An homage to the professors I aspire to be

Earlier today I had the opportunity to attend a retirement celebration for the two professors who are probably most responsible for setting me on the path I have been on for the last fifteen years. Despite my generally reserved demeanor, I am pathologically incapable of keeping my mouth shut and so raised my hand to offer what was, in my humble opinion, a stream of gibberish. I had jotted down some notes, but they came out in a jumble. This is what I meant to say.

Dear Ann and Cheryl,

The two of you exemplify the professors I aspire to be.

I am sure that I learned something in your classes, but when I sit here now the content is secondary. I remember instead Cheryl’s laugh, bantering with Chris Farrell (back before he was Dr. Farrell) while snacking on bread and cheese, and, of course, Argos.

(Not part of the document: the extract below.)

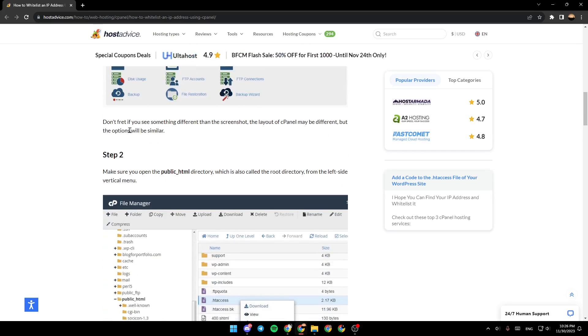Don't worry if you see something different than the screenshot. The layout of the cPanel may be different, but the options will be similar.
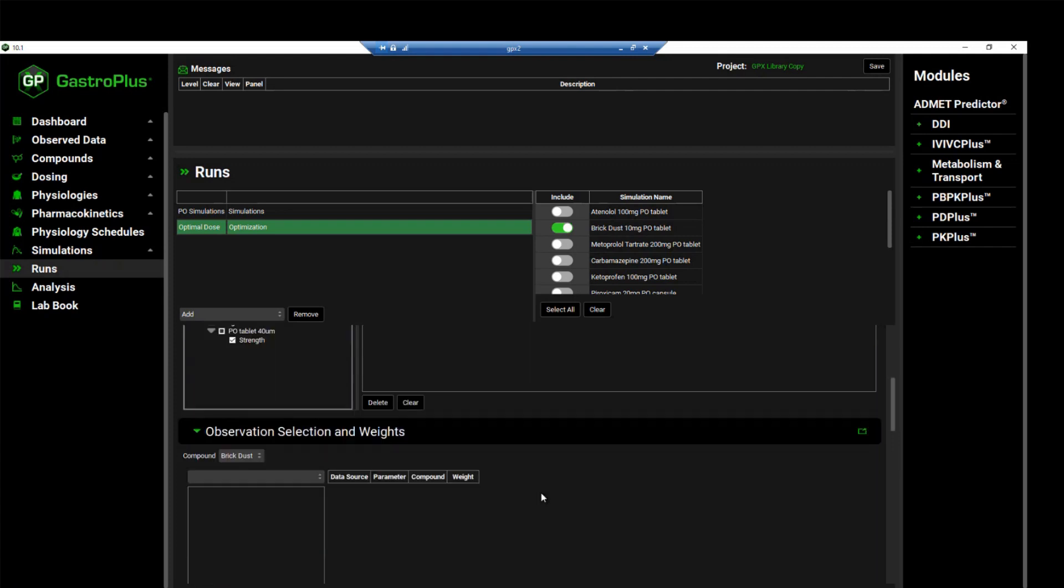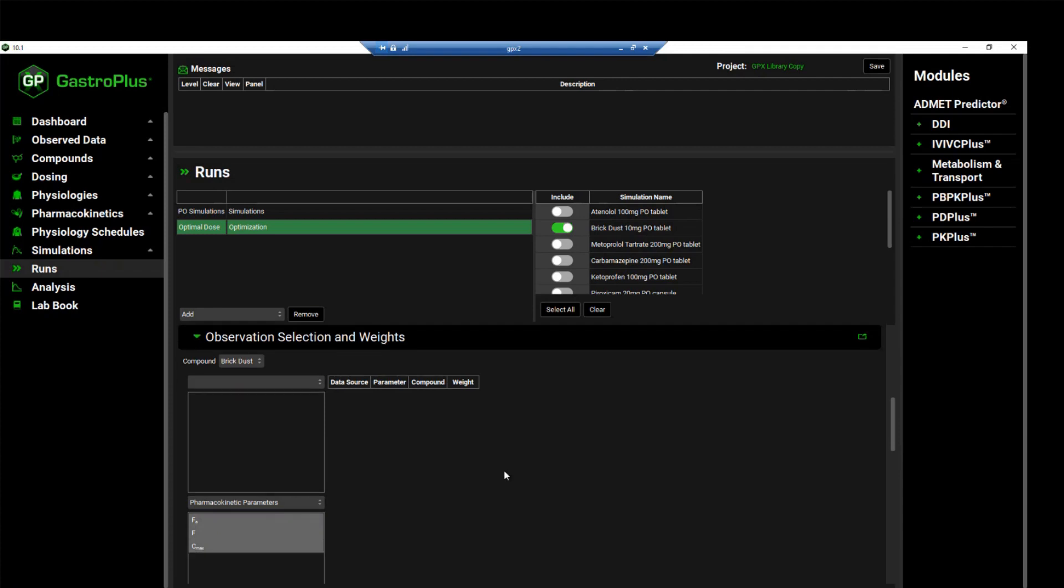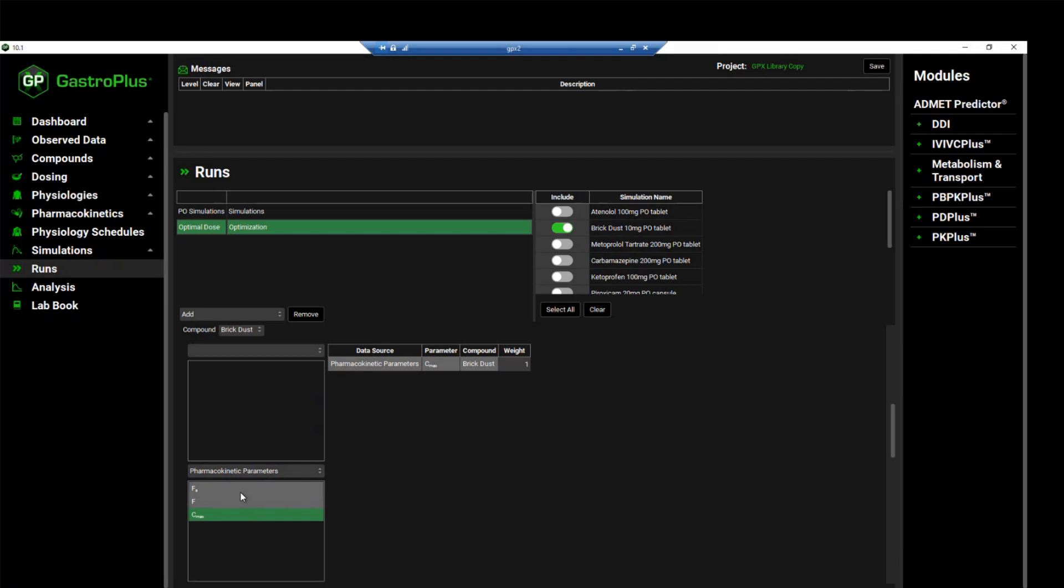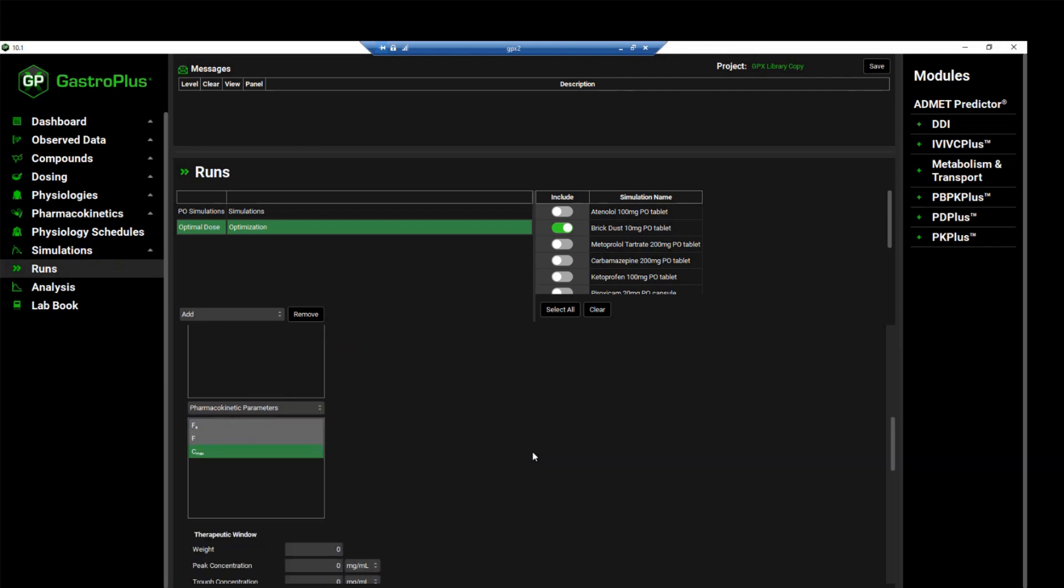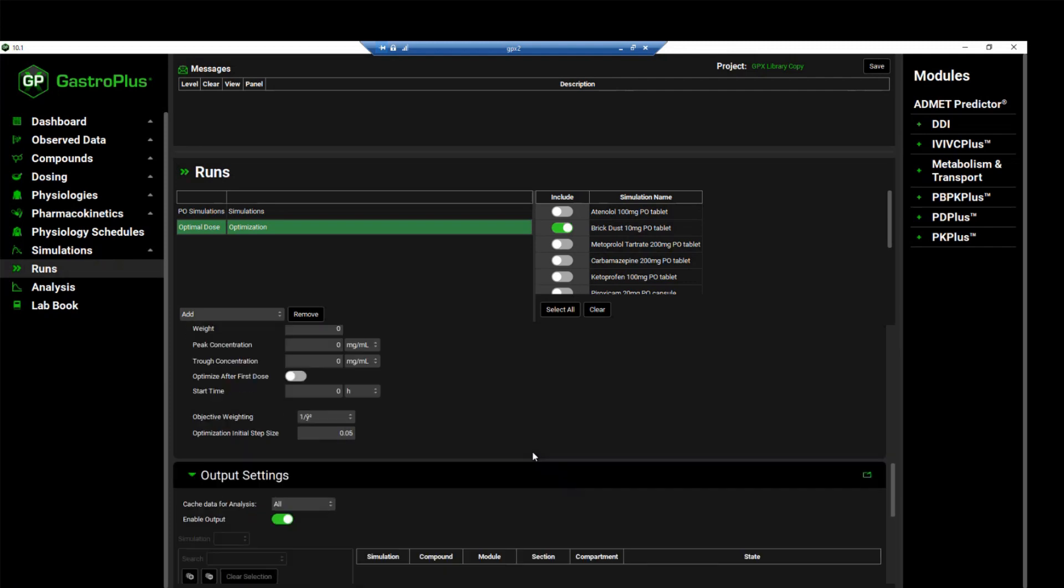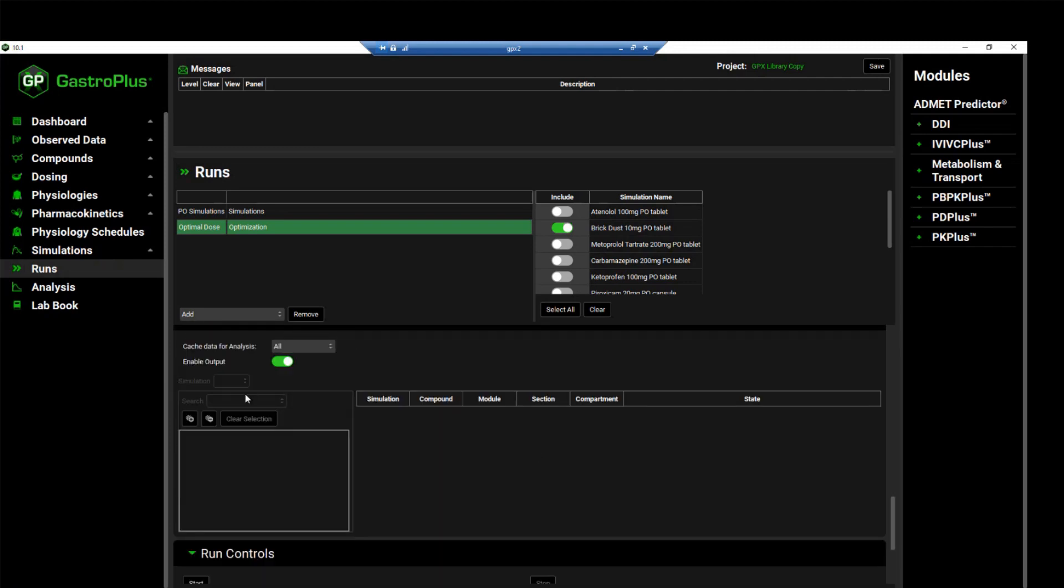Now we will move down to the observation selection and weights. In this case for brick dust, we want to optimize the dose against the CMAX, so you can select the CMAX from the pharmacokinetic parameters frame. And you can also assign a defined weight that you wish to use. In this case, we are going to use a weight of one. We will scroll down to the run controls panel and click start to begin the optimization.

It is not that the content didn’t matter, but for both of you that was just one part of a college education. I would never have admitted it at the time, but I was overwhelmed by the transition from my rural Vermont high school to Brandeis—a nervous first-year who felt entirely unprepared for what was to come.

I found my mooring in Classics even as someone who came in thinking just about history and only belated made my way to the languages.

To this day, I don’t know what the two of your saw in me, but I am eternally grateful for whatever it was. You both patiently nurtured my growth through any number of slightly odd history-oriented papers on topics ranging from Roman Republican coinage to a calculation for the Roman grain trade to the Greek ἰδιώτης stemming from a question I had about Plato’s Apology—to say nothing about my massively unwieldy monstrosity of an undergraduate thesis. Midway through graduate school I developed a hobby of reading books on writing, but I still say that all of my foundational skills I learned from Cheryl, whose model I still use as something of a template for my own courses and assignments. When some of my classes require a specific citation style, I repeat something I remember Ann saying when she assigned something similar: it isn’t that this is the best style, but that is the style for this assignment and part of the exercise is learning to follow a citation style sheet.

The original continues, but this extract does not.